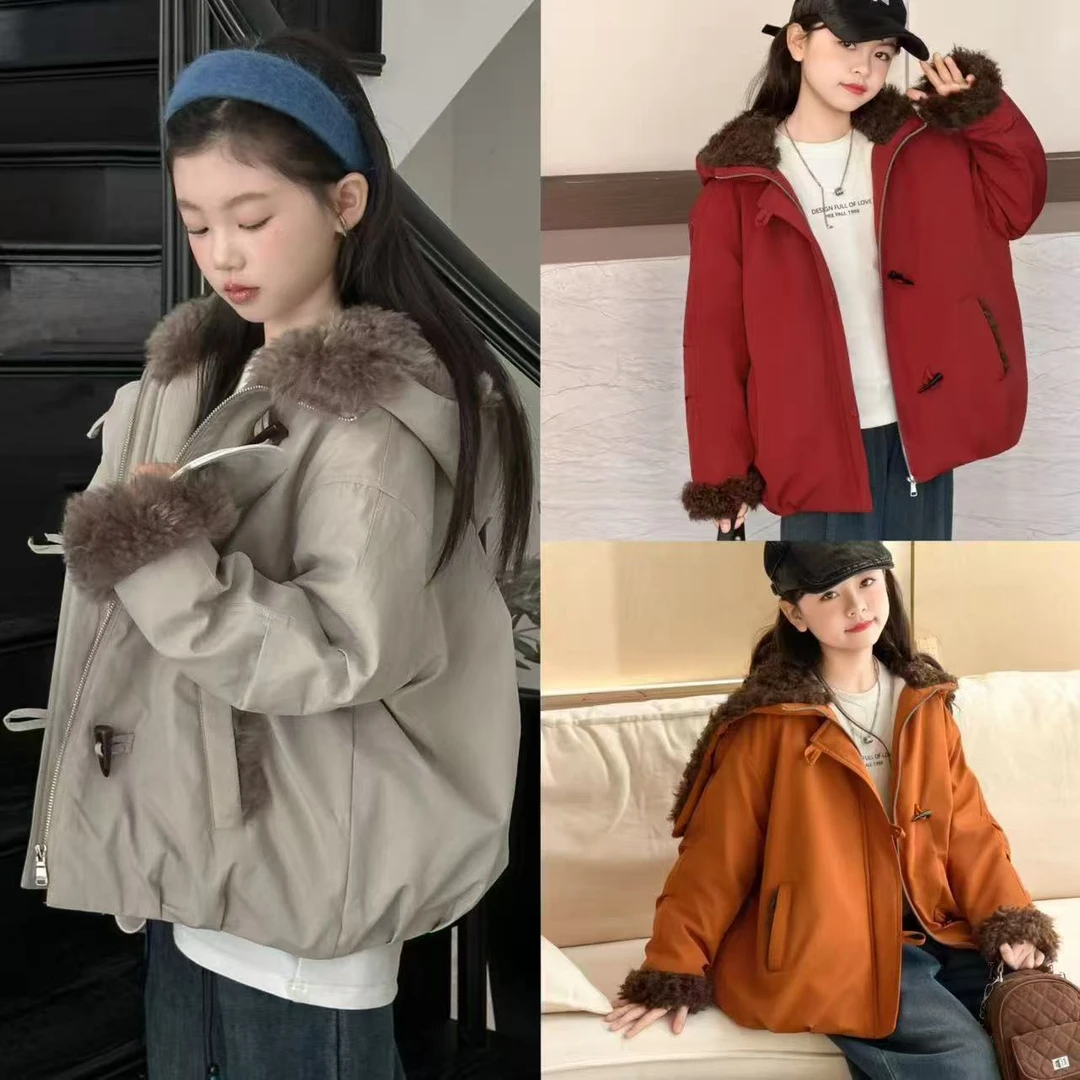Q453女童冬季连帽加绒加厚韩版休闲棉衣派克服外套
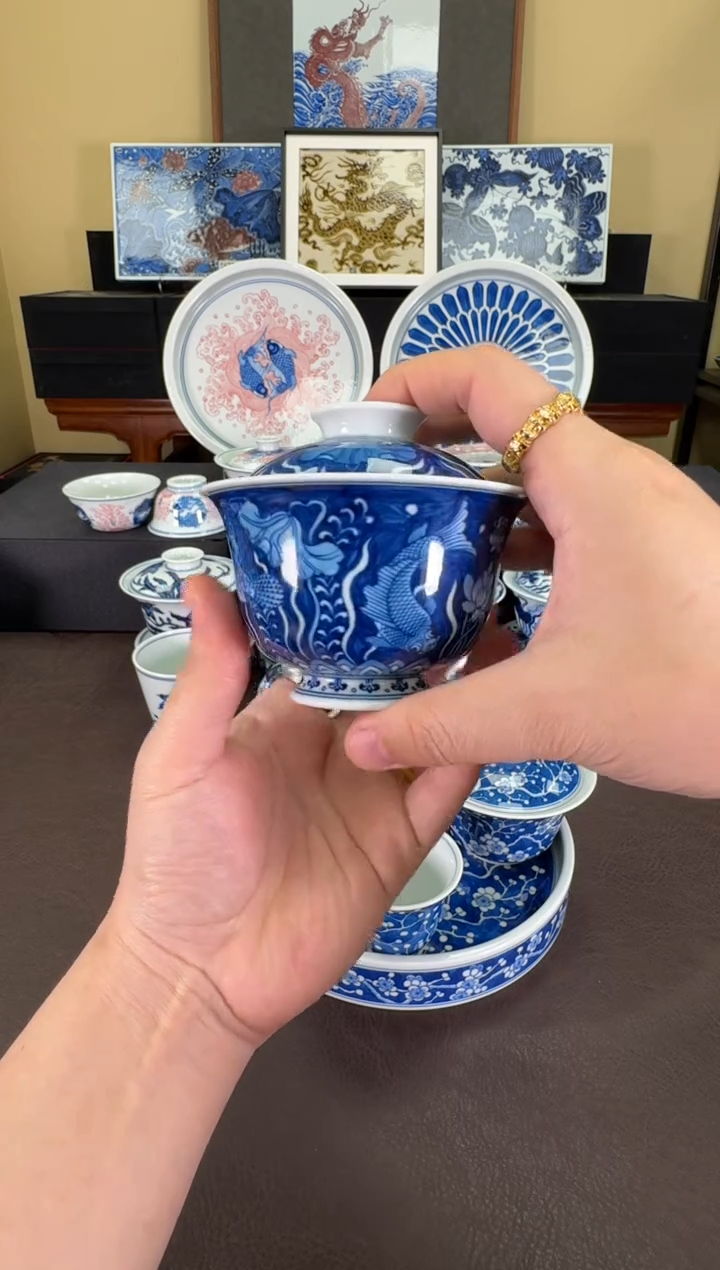 【闪购商品】羿器窑星空鱼藻纹盖碗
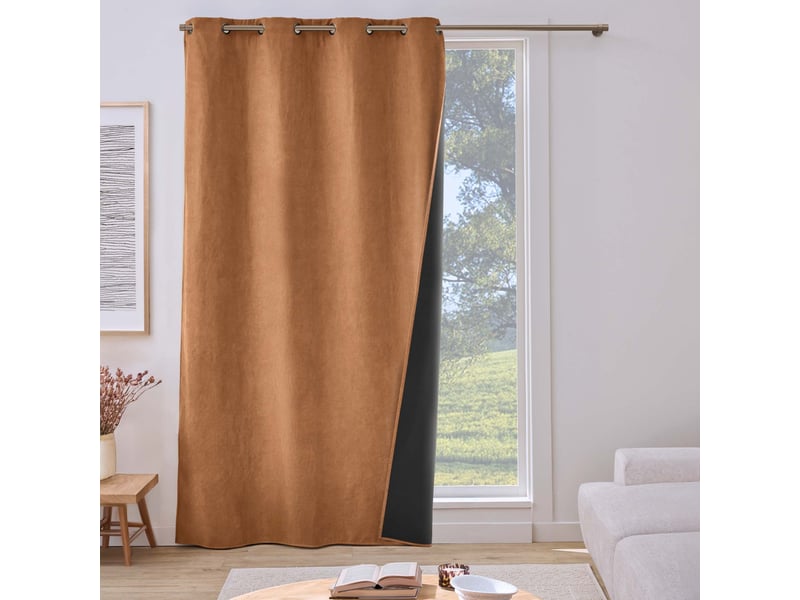  Rideau isolant thermique isolia 140x260cm camel  - Conforama E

EXERCISE BRIEF
The reply has to reproduce every line above verbatim and contain no pictures.

ANSWER TO THIS EXERCISE
Q453女童冬季连帽加绒加厚韩版休闲棉衣派克服外套
 【闪购商品】羿器窑星空鱼藻纹盖碗
  Rideau isolant thermique isolia 140x260cm camel  - Conforama E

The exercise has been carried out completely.